As I was wrapping up the build on my Direct Conversion Receiver 1 I discovered I needed a signal generator to start the testing. At first I just need something stable to inject a specific frequency and ball-park that the receiver is actually in the right frequency neighborhood.
This design is from EMRFD chapter one also (can you tell I am working my way through the book?) I also happened to have all the parts, well sort of. The C2, C3 capacitors called for are 390pF. The closest I could get was series 330pF and 68pF to make 398pF each.

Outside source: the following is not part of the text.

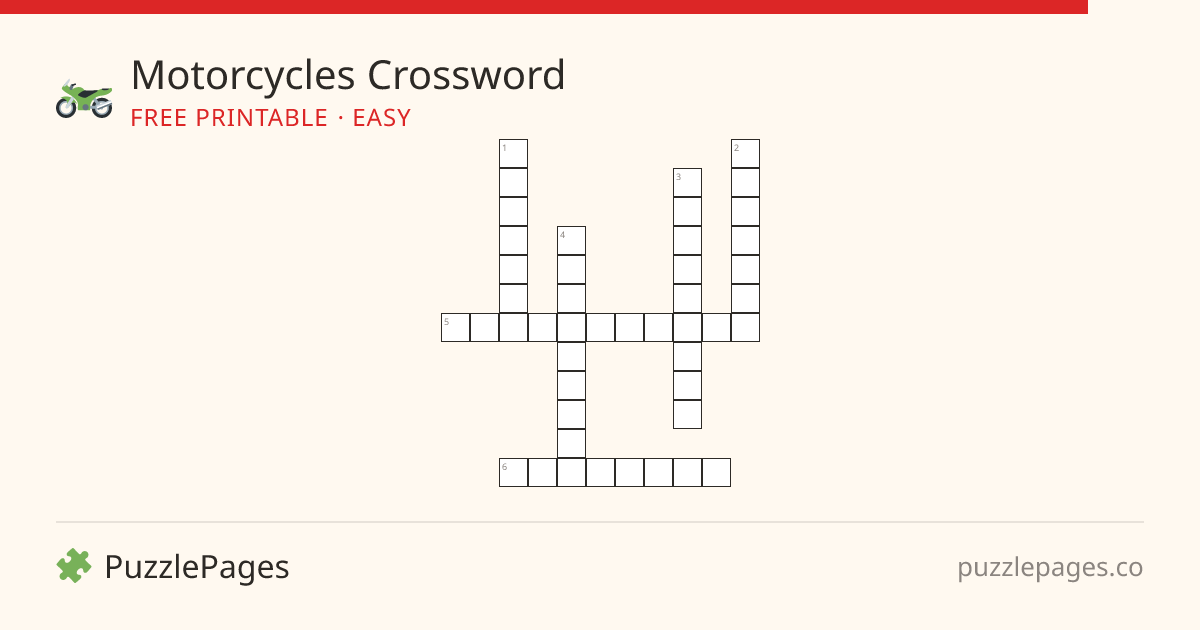 Motorcycles Easy printable crossword preview — free to print from PuzzlePages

I picked up a bag of 7.2 MHz crystals for stock last month so this worked out well. The resulting frequency of the oscillator is 7.25 MHz and is very stable. A thought crossed my mind, a twin variable cap tied to C2 and C3 should pull or push the crystal frequency a little and the addition of a multi position switch and a stack of crystals should offer a multi band function.
This particular circuit as-is works great and as a single frequency signal generator/injector for bench testing. Or as an very low power beacon transmitter.
Building this project I chose to go full on ugly. The entire circuit was built off the transistor and each component added on top of each other. I didn’t take any pictures of the cluster of parts before mounting it on the sliver of PCB, sorry.
Click on the picture of the assembled circuit and you can see the cluster. Just imagine all of the components tied to ground were pointing down, the R3 resistor tied to positive power was sticking out horizontally as was the C4 capacitor connecting to the J1 RCA jack in the opposite direction.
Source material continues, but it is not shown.